# Neural Network Models - Topics 🧠

This notebook uses simple (non-transformer) neural network models to train the topic classifier

#### Notebook Properties
* Upstream Notebook: `src.engineering.topic_processor`
* Compute Resources: `32 GB RAM, 1 GPU` (maybe?)
* Last Updated: `Dec 10 2023`

#### Data

| **Name** | **Type** | **Location Type** | **Description** | **Location** | 
| --- | --- | --- | --- | --- | 
| `all_the_news` | `input` | `Delta` | Read full delta dataset of `AllTheNews` | `catalog/simple_topic/all_the_news.delta` | 

In [0]:
import warnings

warnings.filterwarnings("ignore")

import pandas as pd
import numpy as np
import json
import re
from datetime import datetime
import os
from typing import Any, Callable
from loguru import logger
import random

from deltalake import DeltaTable
from tqdm.autonotebook import tqdm
from src.utils.io import FileSystemHandler
from src.utils.functions import all_stopwords

import nltk

import tensorflow as tf
from tensorflow.keras.models import Sequential
from tensorflow.keras.layers import Embedding, LSTM, Dense, Dropout, Bidirectional,Conv1D,GlobalMaxPooling1D
from tensorflow.keras.preprocessing.text import Tokenizer
from tensorflow.keras.preprocessing.sequence import pad_sequences

from sklearn.model_selection import train_test_split
from sklearn.metrics import classification_report, f1_score

In [0]:
# Check for GPU availability
gpus = tf.config.experimental.list_physical_devices('GPU')

# Setup strategy based on the available device: GPU or CPU
if gpus:
    try:
        # If GPUs are available, use MirroredStrategy for distributed training
        tf.config.experimental.set_memory_growth(gpus[0], True)  # Optional: Enable memory growth
        strategy = tf.distribute.MirroredStrategy()
        print("Running on GPU:", gpus[0])
    except RuntimeError as e:
        print(e)
else:
    # If no GPUs are available, use the default strategy that works on CPU and single GPU
    strategy = tf.distribute.get_strategy()
    print("Running on CPU")

print("REPLICAS: ", strategy.num_replicas_in_sync)

In [0]:
pd.set_option("display.max_columns", None)
pd.set_option("display.max_info_rows", 10_000_000)

pd.options.plotting.backend = "plotly"

tqdm.pandas()
nltk.download("wordnet")
nltk.download('omw-1.4')
datafs = FileSystemHandler("s3")

In [0]:
LIMIT_PARTITIONS: int | None = None
"""An input parameter to limit the number of table partitions to read from delta. Useful to perform EDA on a sample of data."""
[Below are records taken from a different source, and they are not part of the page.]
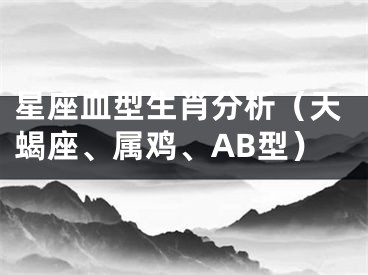 星座血型生肖分析（天蝎座、属鸡、AB型）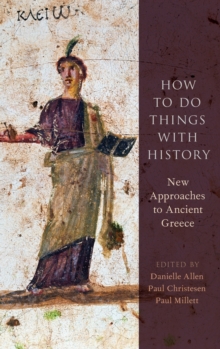 How to Do Things with History : New Approaches to Ancient Greece, Hardback Book How to Do Things with History : New Approaches to Ancient Greece, Hardback Book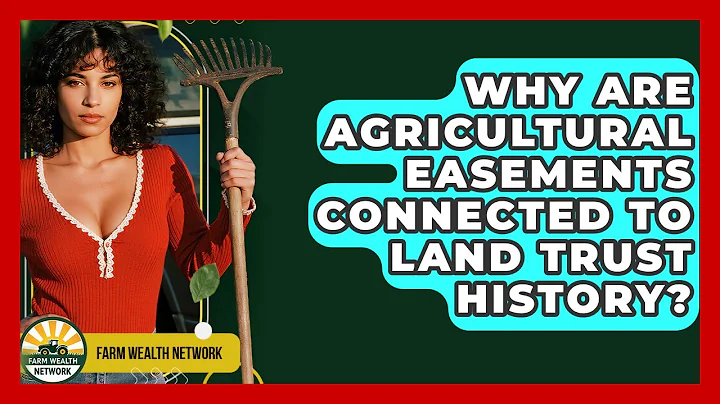 Why Are Agricultural Easements Connected To Land Trust History? - Farm Wealth Network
SHUFFLE_PARTITIONS: bool = False
"""Whether to randomize the partitions before reading"""

INPUT_TABLE: str = "all_the_news" 
INPUT_CATALOG: str = "simple_topic"


### Read Data

In [0]:
atn_delta_table: DeltaTable = datafs.read_delta(
    table=INPUT_TABLE,
    catalog_name=INPUT_CATALOG,
    as_pandas=False,
)

df: pd.DataFrame = datafs.read_delta_partitions(
    delta_table=atn_delta_table,
    N_partitions=LIMIT_PARTITIONS,
    shuffle_partitions=SHUFFLE_PARTITIONS,
)

df["date"] = pd.to_datetime(df["date"])
df = df.sort_values(by=["date"])

df = df[["date", "publication", "author", "title", "article", "section", "simple_topic"]]

print(df.shape)
df.head()

In [0]:
df.info()


### Basic Preprocessing

* Filtering Rows to a Single Year
* Cleaning up stopwords, lemmatization, case normalization and other tweaks to articles and titles

In [0]:
df_y = df[df.date.dt.year == 2019]
# df_y = df.copy()
print(df_y.shape)

In [0]:
lemmatizer = nltk.stem.WordNetLemmatizer()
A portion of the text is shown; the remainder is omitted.